_Assigned task_.
Exact transcription, pictures omitted: reproduce the listing below.
Available records section start
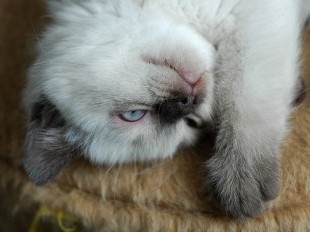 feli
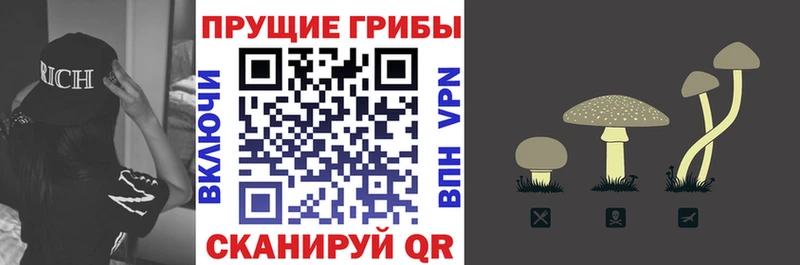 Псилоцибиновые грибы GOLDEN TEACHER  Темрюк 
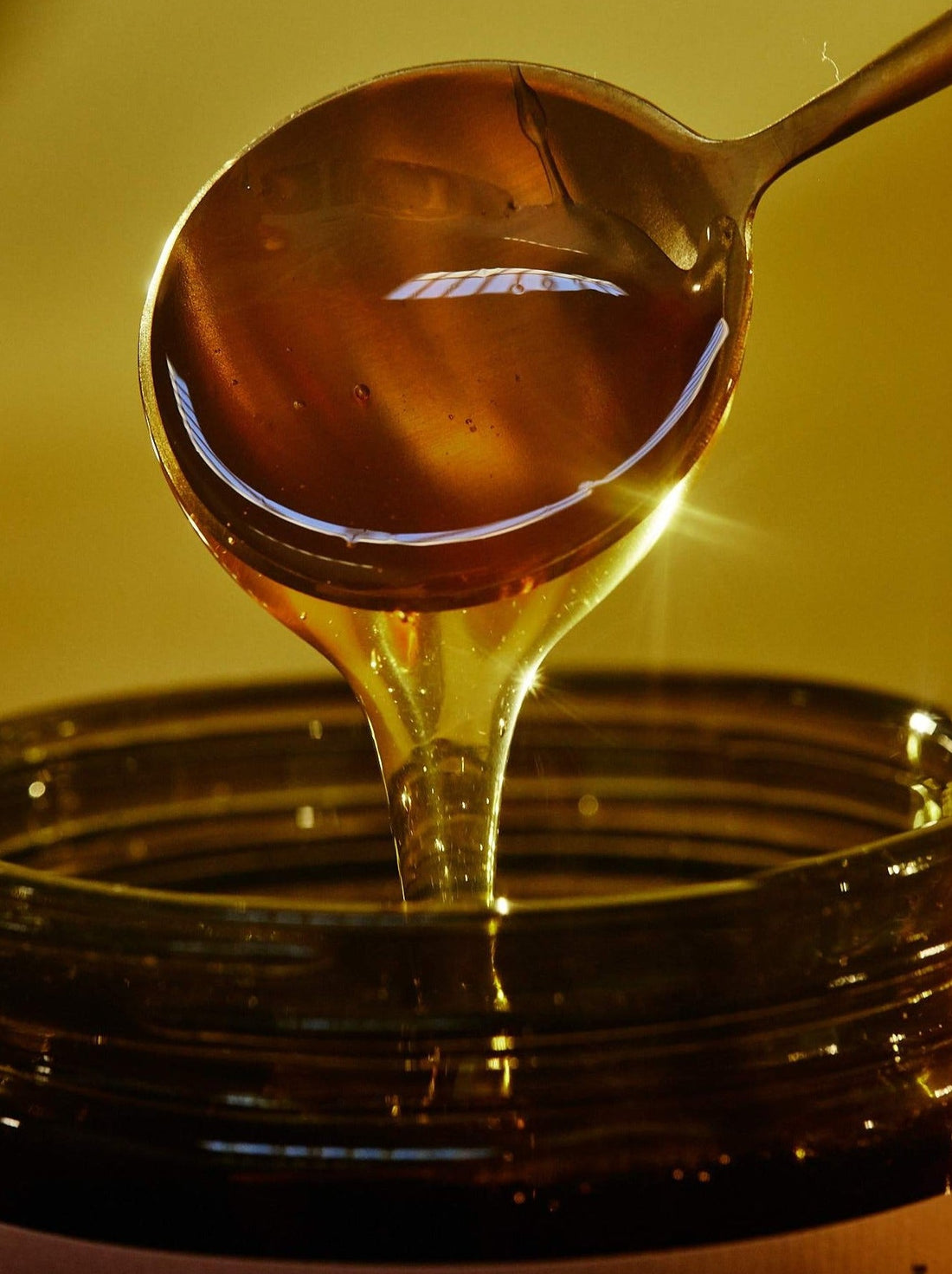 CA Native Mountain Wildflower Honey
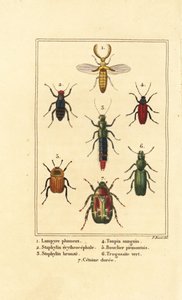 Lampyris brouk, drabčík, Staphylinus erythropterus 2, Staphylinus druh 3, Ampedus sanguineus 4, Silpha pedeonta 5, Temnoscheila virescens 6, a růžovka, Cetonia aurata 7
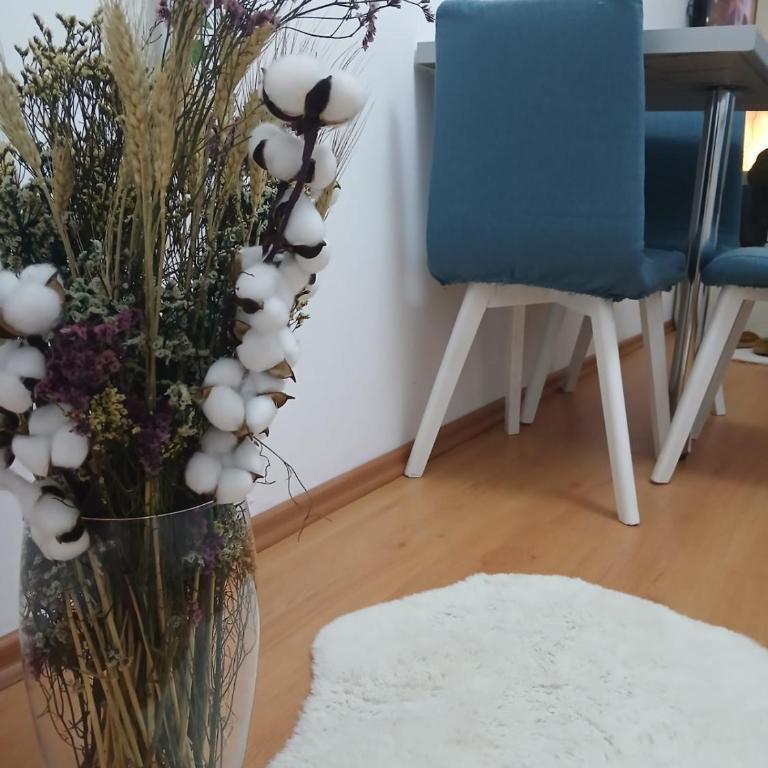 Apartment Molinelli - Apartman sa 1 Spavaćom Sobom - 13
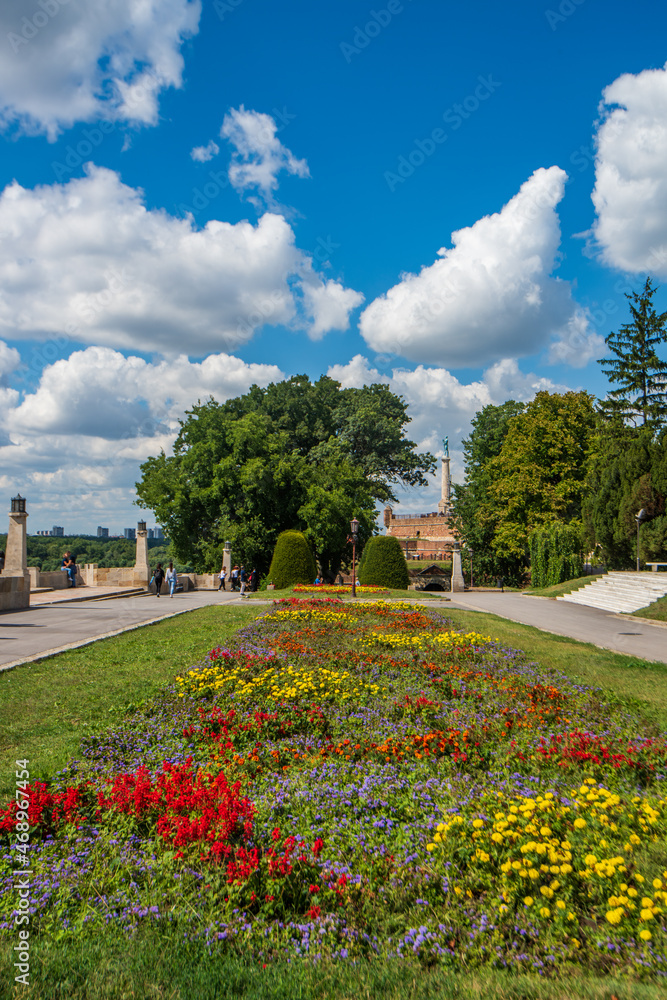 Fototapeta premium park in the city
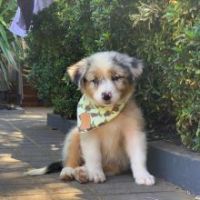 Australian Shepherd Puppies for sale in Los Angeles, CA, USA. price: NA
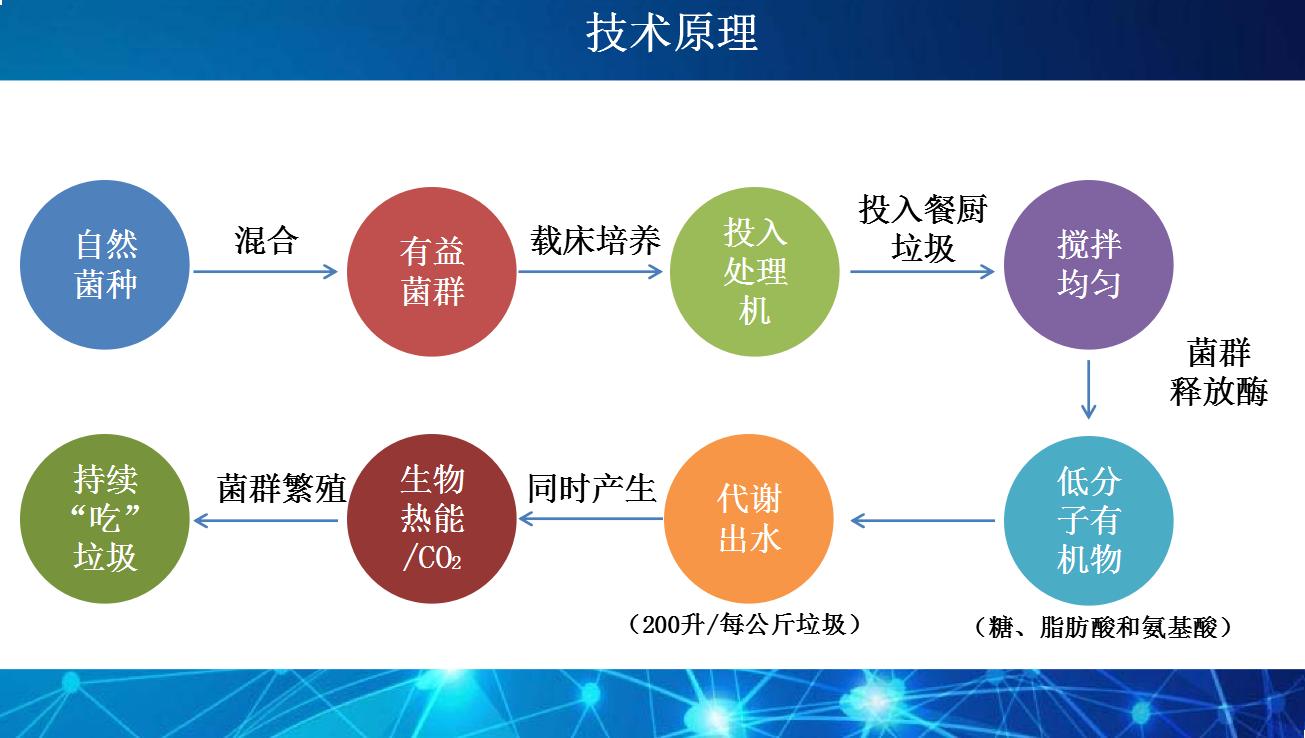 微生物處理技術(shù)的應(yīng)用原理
Available records section end
_Your response_.
 feli
 Псилоцибиновые грибы GOLDEN TEACHER  Темрюк 
 CA Native Mountain Wildflower Honey
 Lampyris brouk, drabčík, Staphylinus erythropterus 2, Staphylinus druh 3, Ampedus sanguineus 4, Silpha pedeonta 5, Temnoscheila virescens 6, a růžovka, Cetonia aurata 7
 Apartment Molinelli - Apartman sa 1 Spavaćom Sobom - 13
 Fototapeta premium park in the city
 Australian Shepherd Puppies for sale in Los Angeles, CA, USA. price: NA
 微生物處理技術(shù)的應(yīng)用原理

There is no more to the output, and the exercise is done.